(legenda ukraińska)

 

Żytomierz rozciąga się na brzegiem rzeki Teterew. Niektórzy ludzie nazywają go Białym Żytomierzem i chwalą sobie spokój i ciszę, jaka jest tu naokoło.

Dawno temu, chyba ponad tysiąc lat, a może i jeszcze wcześniej w Kijowie, na dworze książąt Askolda i Dira, żył pewien wołch, który zawsze służył mądrą radą. Był już stareńki i wyglądał jak dziadziuś. Miał długą białą brodę i długie białe włosy, w których całkowicie ginęła mu twarz. Nosił także długą białą szatę, przez co był zawsze widoczny, gdy tylko przebywał w okolicy. Podobno przeżył życie po dwakroć, a niektórzy gadali, że i po trzykroć. Był zawsze cichy, skromny i z nikim się nie wadził. Dlatego nazywano go w Kijowie Żytomirem. Lubili go książęta, a on odpłacał im zawsze mądrym słowem.

Gdy pod gród podeszło wojsko nowogrodzkie Olega, Żytomir zaklinał książęta, by nie wychodzili za wały obronne. Starzec miał dobre przeczucie.

– Żytomirze, nie ma się czego obawiać – mówił Askold – Oleg obiecał, że nic nam się nie stanie. My też chcemy pokoju, a nie wojny.

– Weźcie panie ze sobą choć drużynę – nalegał Żytomir – posłuchajcie i teraz mojej rady, nigdy was nie zawiodłem.

– Ach, nasz drogi Żytomir, zawsze się o nas martwi – odparł Dir – niepotrzebnie zupełnie. Jeśli zabierzemy eskortę, to Oleg może wziąć nas za wrogo nastawionych, a przecież chcemy się z nim ułożyć, a nie walczyć.

I tym razem Żytomir się nie mylił. Oleg złamał dane słowo i zamordował Askolda i Dira. Stary kapłan nie chciał służyć u mordercy swych książąt. Zebrał tych, co myśleli podobnie i wyruszył w wędrówkę na zachód. Długo tak szli, bo wraz ze starcem odeszła większość wojów razem ze swymi rodzinami i sługami. Oleg nie zatrzymywał ich i nie atakował. A gdy zniknęli w gęstym starym lesie, zupełnie przestał się nimi interesować.

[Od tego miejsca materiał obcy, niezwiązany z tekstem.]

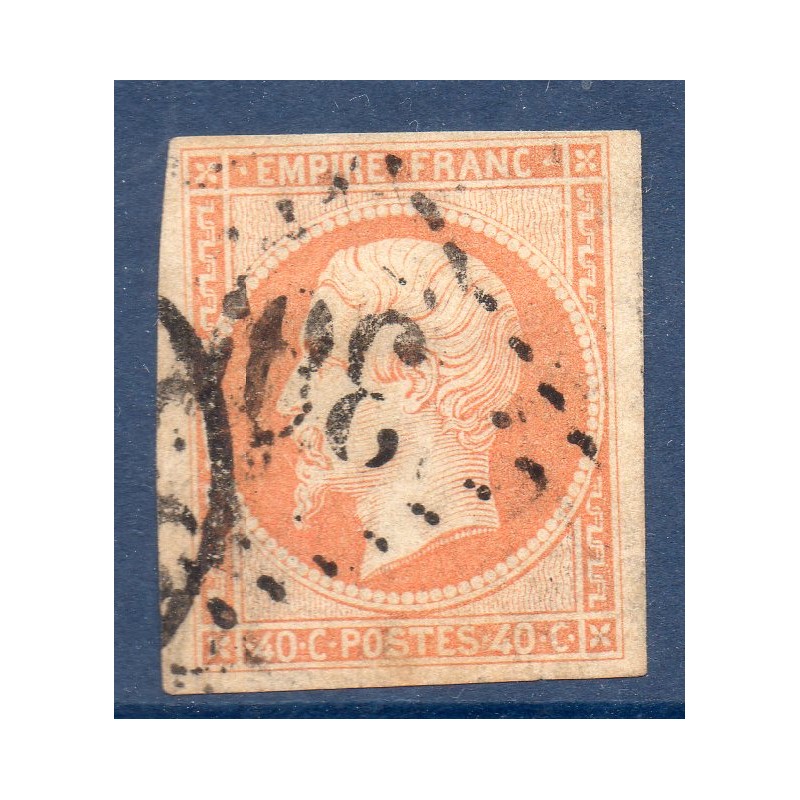 Timbre France Yvert No 16b Empire 40c orange sur paille Oblitéré gros chiffres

Odeszli daleko od ukochanego Kijowa, wiedząc, że już nigdy do niego nie powrócą. Dotarli tak do pewnej doliny, między dwoma rzeczkami. Miejsce było wspaniałe, czysta woda, trawa po kolana. Dokoła stał pierwotny bór, a w nim dużo wszelkiego zwierza, ptactwa, niezliczone bogactwo ryb. Żytomir zawyrokował, że koniec podróży, że to ich nowa ziemia. Tu teraz przyjdzie osiąść.

Postawiono tu właśnie gród i w podzięce za dobrą radę nazwano go na cześć starca Żytomierzem. Często nazywanym Białym, co może nawiązywać do nieskazitelnie białej szaty starego wołcha.

 

Kазки i легенди часів київcькoї та галицькoї русі. Харків 2005.